Regrettably, the "Congress-can-fix-it" argument has only been answered by pointing out current Congress' total dysfunction, a position unlikely to sway certain Justices who have shown they are quite willing to ignore reality when it suits them, and invent it when it does not.
Congressional inability to act, for example, was one of Justice Scalia's key arguments for striking down a key provision of the Voting Rights Act (Shelby County v. Holder) when he overrode near unanimity in Congress by claiming that, what he called "racial entitlement," is too difficult for Congress to eliminate. Thus, the Court had to ignore both the 15th Amendment and thousands of pages of Congressional testimony that led to the conclusion that certain places still discriminated against racial minorities. (Ya think?!)
Justice Anthony Kennedy caused a recent stir when he pointed out that the Court cannot take cognizance of another branch's dysfunction, but must assume that they are fully operational. That led to concern that the Court would not listen to arguments that Congress cannot fix the Affordable Care Act's so-called "plain words," due to its dysfunction.
But, Justice Kennedy, "Congress-can-fix-it" can cut either way.
The Court could, if it were so inclined, indicate that the IRS interpretation has been operative for a couple of years, and that Congress could just as easily pass an amendment to the Affordable Care Act stating that the IRS is wrong, as it can fix it by passing an amendment eliminating the words "established by the State."
I have pointed out two, of what are likely thousands, of laws interpreted by the Courts and agencies differently than their so-called "plain words" would require.

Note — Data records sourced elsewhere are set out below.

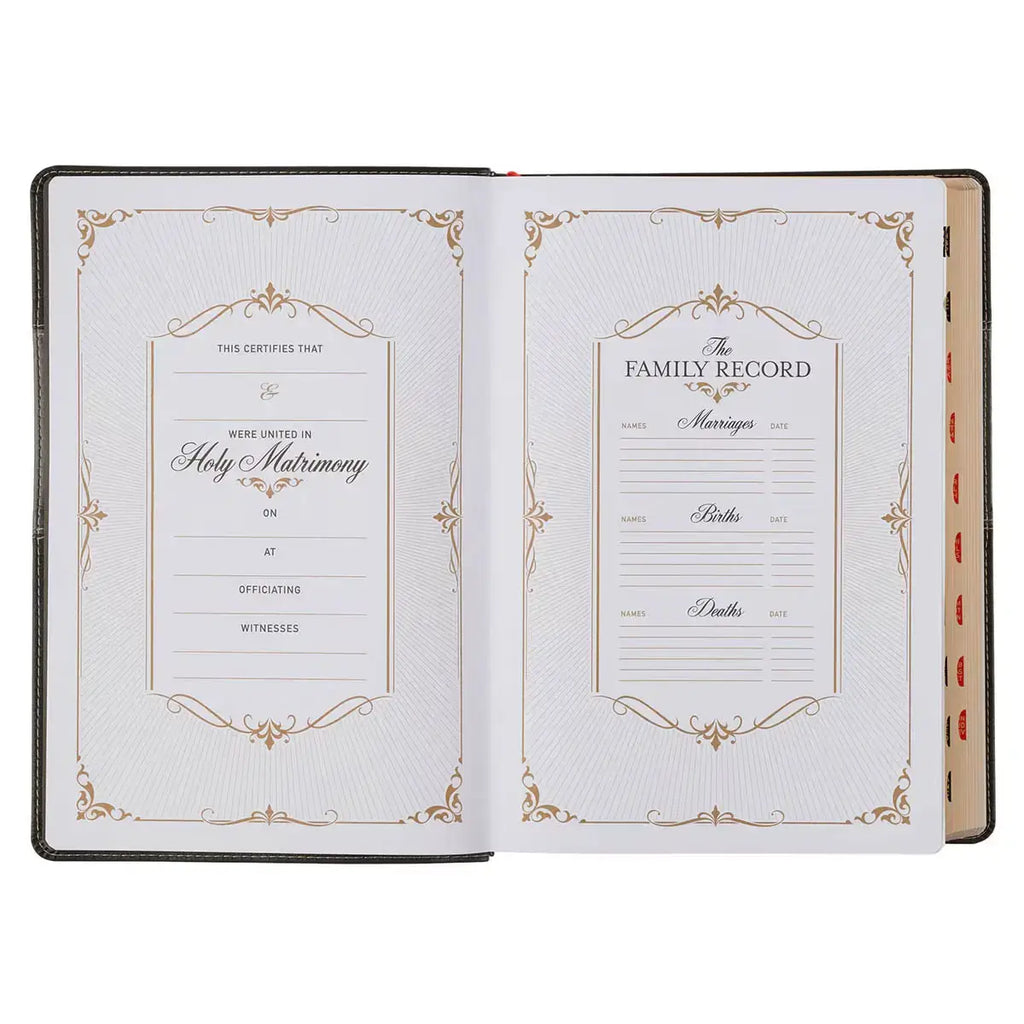 Black & Graphite Faux Leather Large Print King James Version Study Bible with Thumb Index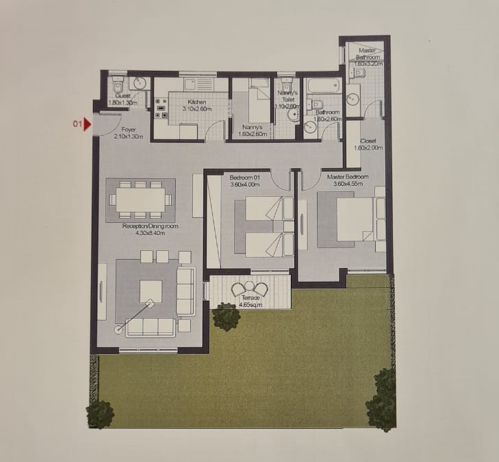 Floor plan for apartment at SODIC East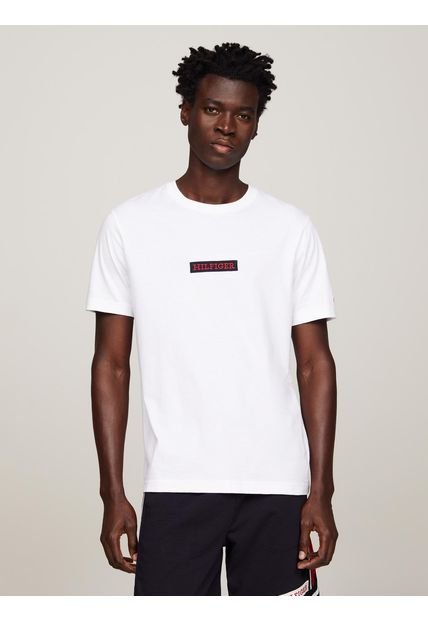 Polera Con Logo Monotype Blanco Tommy Hilfiger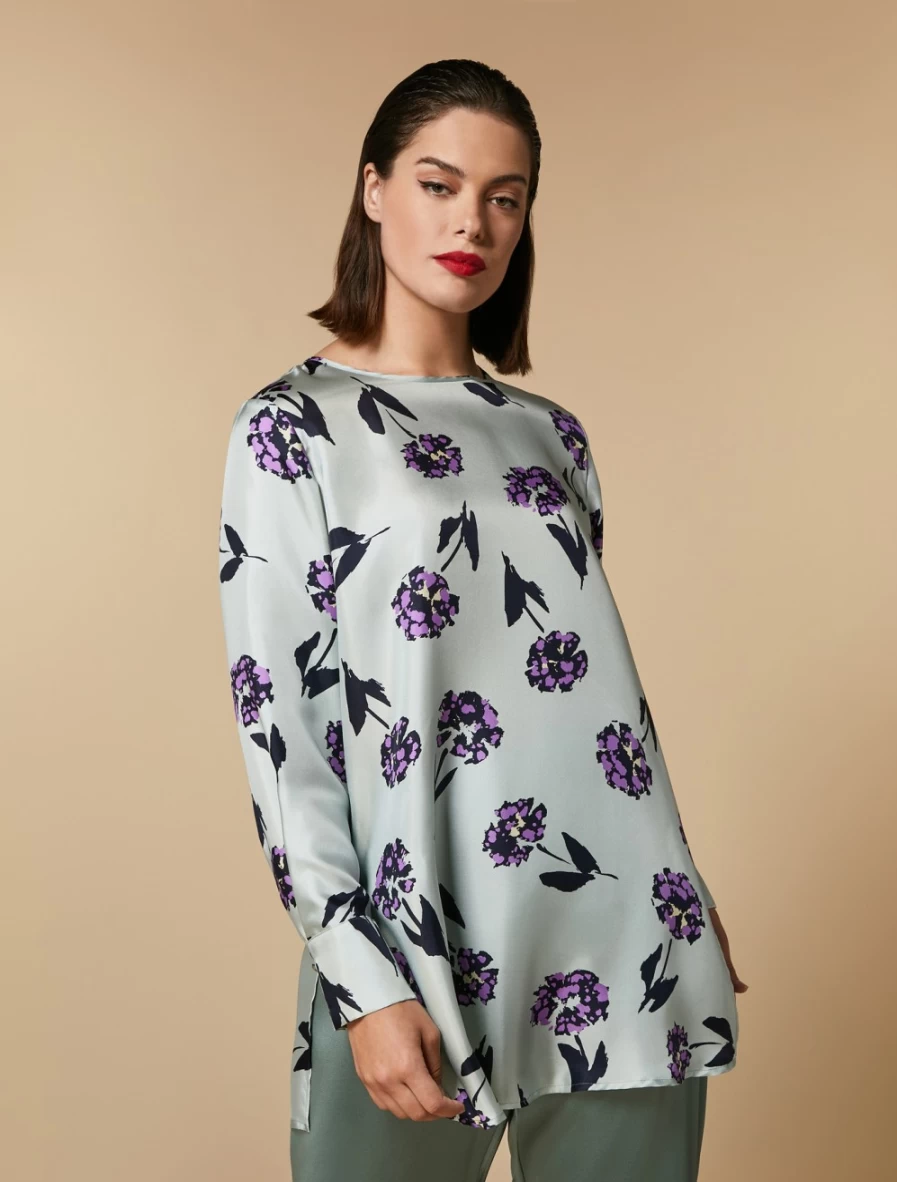 Marina Rinaldi Women's Green Silk Twill Tunic - Elegant Blouse Top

Indeed, in those two cases, Congress used limiting adverbs ("exclusively" and "solely") that the agency and Court apparently ignored, whereas no such limiting adverb is used in the Affordable Care Act language.
Congress could, if it wished, correct those interpretations as well. That it has not indicates that Congress is okay with them.
Congress has not acted to correct the IRS' interpretation of the Affordable Care Act. It could as easily do that as it could act to eliminate the words "established by the States."
The "Congress-can-fix-it" argument is, therefore, not dispositive one way or the other. If the justices want to overturn the IRS' interpretation, there is no greater weight to the "Congress-can-fix-it" argument for that proposition than for the Court to uphold the IRS interpretation because Congress can just as easily fix that.
Indeed, since Congress knows the IRS' interpretation, and has not passed a law to fix it, there is a bit more weight on the side of assuming Congress is okay with it, as has occurred with many other laws that are even written with limiting adverbs such as "exclusively."
SCOTUS has no safe harbor in the "Congress-can-fix-it" argument. Any reliance on it reveals only the justices' political bias, not disinterested legal analysis.